My data contain a bounded continuous variable (score between 0 and 10) representing the efficacy of a given method to control an invasive species. As there are more high scores than low ones, the variable is skewed to the left. My purpose is to identify which independent variables explain this dependent variable. In other words, I would like to know which variables affect the efficacy of the method.
According to some answers I found on CV (e.g. here), a model with a beta-distribution family could be used to model the relationship between my variables. However, considering that my dependent variable is fairly skewed and that I have a small sample size ($n$ = 98), I was wondering:

  1. If a model with a beta-distributed response would be the most appropriate option here? (Provided that I transform my DV so as to lie between 0 and 1, but with no 0 and no 1, right?)
  2. If there was a sort of rule of thumb regarding the minimum number of observations per predictor possibly included in this type of model?
Fanfoué
  • 353
  • 1
  • 13
  • 4
    I don't follow why small sample size would be any more (or any less) of a problem with your proposed approach than with any other. If the limits of 0 and 10 are attainable in principle, and certainly if either limit is attained in practice, I would tend to use binomial family as a reference here. Just make sure that your software uses suitable standard error and P-value calculations. When you say "continuous", does that mean that _any_ non-integer score between 0 and 10 is possible? – Nick Cox Jan 06 '21 at 14:30
  • 2
    Just a small comment about terminology: A beta-regression is not a special case of a generalized linear model (GLM) *sensu stricto.* More on that [here](https://stats.stackexchange.com/questions/304538/why-beta-dirichlet-regression-are-not-considered-generalized-linear-models). – COOLSerdash Jan 06 '21 at 14:43
  • @NickCox Thank you for your comment. Yes, any score between 0 and 10 is possible but 0 are quite rare in practice. I mentioned my sample size with regard to my 2nd question because I think that minimum sample sizes per predictor vary depending on the type of model used: e.g. with _n_ = 98, you could include more predictors in a model with a normal Y than with a binomial Y. Anyway, I'm working with R, would you have any advice regarding the function and packages I should use in this case? – Fanfoué Jan 06 '21 at 16:21
  • Nothing from me on R advice. I am not even a routine R user. If you post some sample data I could show some Stata code and you'd be likely to get good advice on R equivalents. – Nick Cox Jan 06 '21 at 17:14
  • @NickCox I will post my data as soon as I can (I'm still wrangling the data). I ask this question in advance to know where I should start heading. Back to your comment, does that mean that some software use inappropriate SE and p-value calculations by default when running logistic regressions? – Fanfoué Jan 06 '21 at 20:29
  • 1
    I am strongly familar only with `glm` in Stata. There a binomial family (usually with logit link) must be specified with option `vce(robust)` to get half-decent standard errors if the response variable is really continuous. I would be amazed if any other implementation didn't require some such setting. So-called robust standard errors are often named for one or more of Eicker, Huber or White, who all have some claim to publicity on that score. Sandwich is yet another name. – Nick Cox Jan 06 '21 at 20:41

1 Answers1

1

It seems that an ordinal model makes more conceptual sense. A cumulative logit is a standard as is an ordinal logit model (there are slight differences in approaches).

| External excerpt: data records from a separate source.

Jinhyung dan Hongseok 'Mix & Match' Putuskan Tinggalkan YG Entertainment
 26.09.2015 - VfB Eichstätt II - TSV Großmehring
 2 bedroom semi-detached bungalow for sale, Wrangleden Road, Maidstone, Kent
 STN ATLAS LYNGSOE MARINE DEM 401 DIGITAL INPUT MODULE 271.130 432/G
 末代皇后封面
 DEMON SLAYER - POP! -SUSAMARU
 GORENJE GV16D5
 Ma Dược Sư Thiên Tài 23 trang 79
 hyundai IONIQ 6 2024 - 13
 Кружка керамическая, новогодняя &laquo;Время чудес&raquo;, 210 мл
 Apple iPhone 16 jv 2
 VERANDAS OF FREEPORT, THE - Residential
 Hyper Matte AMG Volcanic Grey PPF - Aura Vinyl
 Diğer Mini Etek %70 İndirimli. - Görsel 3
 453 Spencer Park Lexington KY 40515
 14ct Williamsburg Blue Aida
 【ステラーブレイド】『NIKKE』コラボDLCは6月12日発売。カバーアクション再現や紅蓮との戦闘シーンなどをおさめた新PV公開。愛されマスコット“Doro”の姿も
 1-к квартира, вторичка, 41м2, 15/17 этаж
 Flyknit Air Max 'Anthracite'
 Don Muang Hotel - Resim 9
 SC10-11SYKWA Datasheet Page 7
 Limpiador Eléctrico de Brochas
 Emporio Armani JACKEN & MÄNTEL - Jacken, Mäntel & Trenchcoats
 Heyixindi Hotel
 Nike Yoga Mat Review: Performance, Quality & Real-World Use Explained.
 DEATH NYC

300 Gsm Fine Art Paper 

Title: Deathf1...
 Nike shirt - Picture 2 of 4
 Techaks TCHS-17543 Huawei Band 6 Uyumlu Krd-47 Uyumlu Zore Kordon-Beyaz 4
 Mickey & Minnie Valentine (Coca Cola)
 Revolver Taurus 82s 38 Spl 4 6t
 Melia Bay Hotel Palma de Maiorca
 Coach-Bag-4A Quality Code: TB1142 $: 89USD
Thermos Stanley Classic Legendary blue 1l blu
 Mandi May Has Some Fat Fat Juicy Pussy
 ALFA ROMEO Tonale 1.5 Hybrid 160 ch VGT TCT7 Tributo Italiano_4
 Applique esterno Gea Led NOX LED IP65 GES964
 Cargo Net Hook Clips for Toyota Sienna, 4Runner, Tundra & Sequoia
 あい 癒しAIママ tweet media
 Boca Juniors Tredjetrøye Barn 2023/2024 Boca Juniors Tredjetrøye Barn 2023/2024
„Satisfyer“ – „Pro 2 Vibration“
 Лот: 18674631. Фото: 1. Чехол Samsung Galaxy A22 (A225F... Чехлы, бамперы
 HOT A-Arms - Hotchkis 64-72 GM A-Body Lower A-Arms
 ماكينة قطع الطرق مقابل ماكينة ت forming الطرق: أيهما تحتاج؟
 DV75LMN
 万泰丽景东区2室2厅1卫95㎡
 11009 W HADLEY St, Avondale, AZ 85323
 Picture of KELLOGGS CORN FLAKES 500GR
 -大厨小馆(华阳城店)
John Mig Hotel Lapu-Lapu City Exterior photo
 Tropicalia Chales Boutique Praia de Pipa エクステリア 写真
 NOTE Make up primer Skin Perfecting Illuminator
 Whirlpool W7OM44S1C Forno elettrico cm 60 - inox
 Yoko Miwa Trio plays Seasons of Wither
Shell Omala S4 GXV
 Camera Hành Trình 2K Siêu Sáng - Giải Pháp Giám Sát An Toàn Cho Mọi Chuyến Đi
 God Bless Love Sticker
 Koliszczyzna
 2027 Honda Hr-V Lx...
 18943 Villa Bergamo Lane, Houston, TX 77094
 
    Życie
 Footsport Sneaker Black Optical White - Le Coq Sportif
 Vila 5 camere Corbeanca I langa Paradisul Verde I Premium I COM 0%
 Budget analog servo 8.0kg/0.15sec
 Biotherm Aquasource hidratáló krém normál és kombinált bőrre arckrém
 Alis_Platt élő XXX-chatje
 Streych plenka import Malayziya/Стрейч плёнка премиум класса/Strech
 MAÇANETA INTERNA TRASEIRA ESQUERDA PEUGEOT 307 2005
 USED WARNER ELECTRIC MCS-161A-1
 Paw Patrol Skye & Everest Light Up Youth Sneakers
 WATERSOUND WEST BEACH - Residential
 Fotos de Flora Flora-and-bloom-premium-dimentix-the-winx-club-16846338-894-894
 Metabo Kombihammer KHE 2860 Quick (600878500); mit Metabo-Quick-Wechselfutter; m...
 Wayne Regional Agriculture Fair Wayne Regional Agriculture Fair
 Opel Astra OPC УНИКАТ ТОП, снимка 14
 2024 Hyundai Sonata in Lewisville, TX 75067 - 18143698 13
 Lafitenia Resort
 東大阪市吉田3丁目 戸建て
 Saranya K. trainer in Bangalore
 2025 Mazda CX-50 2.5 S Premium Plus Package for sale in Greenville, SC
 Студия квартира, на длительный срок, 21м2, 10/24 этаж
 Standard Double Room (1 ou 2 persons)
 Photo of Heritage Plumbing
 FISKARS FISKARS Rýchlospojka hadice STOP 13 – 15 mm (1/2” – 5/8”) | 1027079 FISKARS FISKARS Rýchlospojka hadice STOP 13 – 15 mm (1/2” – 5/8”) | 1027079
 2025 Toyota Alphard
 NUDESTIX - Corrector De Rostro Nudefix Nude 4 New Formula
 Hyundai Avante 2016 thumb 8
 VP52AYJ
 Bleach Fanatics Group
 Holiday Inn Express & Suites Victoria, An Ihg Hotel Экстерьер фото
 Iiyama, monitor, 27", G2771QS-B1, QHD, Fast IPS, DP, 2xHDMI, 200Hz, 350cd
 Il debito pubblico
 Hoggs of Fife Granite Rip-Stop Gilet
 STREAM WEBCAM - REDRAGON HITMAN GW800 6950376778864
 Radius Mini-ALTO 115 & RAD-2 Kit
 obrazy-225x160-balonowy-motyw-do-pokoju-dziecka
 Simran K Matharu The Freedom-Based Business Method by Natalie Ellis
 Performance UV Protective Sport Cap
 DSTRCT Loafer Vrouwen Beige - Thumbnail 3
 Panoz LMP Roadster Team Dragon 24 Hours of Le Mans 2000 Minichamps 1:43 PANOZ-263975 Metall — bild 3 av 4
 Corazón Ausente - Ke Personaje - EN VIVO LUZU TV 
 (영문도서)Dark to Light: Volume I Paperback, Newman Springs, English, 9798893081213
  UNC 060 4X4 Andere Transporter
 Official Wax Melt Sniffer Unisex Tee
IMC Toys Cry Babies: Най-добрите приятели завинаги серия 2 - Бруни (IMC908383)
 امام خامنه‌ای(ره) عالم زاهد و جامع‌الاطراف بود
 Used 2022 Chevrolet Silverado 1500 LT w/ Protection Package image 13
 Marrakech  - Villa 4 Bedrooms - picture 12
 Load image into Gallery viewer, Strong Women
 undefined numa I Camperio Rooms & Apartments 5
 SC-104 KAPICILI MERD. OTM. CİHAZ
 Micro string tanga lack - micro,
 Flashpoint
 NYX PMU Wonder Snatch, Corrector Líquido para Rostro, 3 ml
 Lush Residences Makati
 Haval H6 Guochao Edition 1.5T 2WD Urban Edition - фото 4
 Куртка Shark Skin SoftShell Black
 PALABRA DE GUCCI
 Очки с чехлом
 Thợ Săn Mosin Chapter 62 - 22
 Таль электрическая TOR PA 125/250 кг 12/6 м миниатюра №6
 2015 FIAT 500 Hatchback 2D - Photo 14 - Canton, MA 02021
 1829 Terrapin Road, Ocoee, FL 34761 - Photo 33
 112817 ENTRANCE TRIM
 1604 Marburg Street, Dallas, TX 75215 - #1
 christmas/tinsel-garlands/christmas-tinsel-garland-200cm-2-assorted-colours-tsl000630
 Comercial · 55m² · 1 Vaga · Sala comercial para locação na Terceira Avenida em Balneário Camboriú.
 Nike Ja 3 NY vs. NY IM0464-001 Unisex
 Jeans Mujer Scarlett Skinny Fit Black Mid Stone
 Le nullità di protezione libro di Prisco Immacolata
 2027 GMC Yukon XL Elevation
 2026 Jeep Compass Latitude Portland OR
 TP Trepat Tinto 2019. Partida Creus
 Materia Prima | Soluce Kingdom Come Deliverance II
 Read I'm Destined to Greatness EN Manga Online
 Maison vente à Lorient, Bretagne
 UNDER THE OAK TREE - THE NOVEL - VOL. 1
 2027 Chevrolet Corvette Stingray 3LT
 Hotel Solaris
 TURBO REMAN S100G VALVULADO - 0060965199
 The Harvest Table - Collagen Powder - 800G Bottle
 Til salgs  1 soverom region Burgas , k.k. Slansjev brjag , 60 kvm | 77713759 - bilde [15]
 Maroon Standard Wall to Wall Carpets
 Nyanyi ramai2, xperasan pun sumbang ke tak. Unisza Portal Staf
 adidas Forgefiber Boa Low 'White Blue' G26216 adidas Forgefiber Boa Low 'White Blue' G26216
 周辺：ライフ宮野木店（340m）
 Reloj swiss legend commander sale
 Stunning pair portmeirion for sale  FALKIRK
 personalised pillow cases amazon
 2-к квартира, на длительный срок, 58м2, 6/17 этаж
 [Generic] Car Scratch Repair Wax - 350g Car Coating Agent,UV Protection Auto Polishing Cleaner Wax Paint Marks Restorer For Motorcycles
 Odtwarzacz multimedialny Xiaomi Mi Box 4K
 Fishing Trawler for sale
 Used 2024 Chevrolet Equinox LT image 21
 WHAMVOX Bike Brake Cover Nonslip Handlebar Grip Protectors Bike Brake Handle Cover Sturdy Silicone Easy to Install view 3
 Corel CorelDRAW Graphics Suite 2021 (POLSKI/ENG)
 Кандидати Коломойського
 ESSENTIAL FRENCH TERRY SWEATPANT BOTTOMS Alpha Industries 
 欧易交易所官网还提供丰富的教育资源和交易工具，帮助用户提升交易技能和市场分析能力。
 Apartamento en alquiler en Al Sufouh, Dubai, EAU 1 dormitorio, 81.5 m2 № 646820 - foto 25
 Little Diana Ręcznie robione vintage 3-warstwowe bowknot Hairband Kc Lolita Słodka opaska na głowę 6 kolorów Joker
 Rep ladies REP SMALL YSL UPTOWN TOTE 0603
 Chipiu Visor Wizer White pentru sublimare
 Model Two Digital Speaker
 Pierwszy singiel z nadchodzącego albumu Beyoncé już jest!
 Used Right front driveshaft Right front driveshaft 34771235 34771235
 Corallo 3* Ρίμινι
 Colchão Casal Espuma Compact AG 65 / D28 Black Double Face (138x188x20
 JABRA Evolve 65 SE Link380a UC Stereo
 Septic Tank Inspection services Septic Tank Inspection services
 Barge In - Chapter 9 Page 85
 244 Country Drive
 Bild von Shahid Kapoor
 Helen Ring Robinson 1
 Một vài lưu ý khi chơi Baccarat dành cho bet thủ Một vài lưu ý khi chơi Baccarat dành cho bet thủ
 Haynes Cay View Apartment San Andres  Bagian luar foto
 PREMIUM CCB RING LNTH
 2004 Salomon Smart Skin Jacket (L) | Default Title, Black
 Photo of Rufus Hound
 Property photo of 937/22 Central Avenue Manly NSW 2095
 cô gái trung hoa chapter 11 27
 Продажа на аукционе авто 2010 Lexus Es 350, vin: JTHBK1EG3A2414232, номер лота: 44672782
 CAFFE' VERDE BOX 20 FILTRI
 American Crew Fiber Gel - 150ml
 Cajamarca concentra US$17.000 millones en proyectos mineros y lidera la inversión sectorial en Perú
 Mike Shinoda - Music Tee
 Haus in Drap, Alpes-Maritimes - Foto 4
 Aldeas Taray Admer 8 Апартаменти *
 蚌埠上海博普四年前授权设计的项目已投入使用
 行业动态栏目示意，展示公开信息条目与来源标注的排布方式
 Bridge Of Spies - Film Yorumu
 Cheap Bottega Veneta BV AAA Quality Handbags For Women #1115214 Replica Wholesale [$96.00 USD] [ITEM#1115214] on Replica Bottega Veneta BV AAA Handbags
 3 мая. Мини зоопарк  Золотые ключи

In Harrell's Regression Modeling Strategies, section 4.4 p. 73, the author presents a few considerations for sample size. He says that the number of variables in the model should take into consideration a limiting factor. $p$, the number of variables in the model should be less than $m/20$ where $m$ is the limiting factor.

Just for clarification, in the case of a continuous variable, $m$ is the total sample size, so with 100 in the sample, a model should have at most 5 parameters estimated. Remember that a categorical variable with 7 categories entails 7-1 parameters estimated.

For the case of an ordinal outcome, the sample limiting factor $m$ is given by:

$$ n - \frac{1}{n^2} \sum_{i=1}^{k} n_i^3 $$

where there are $k$ categories in your outcome and $n_i$ is the sample size of category $i=1,...,k$.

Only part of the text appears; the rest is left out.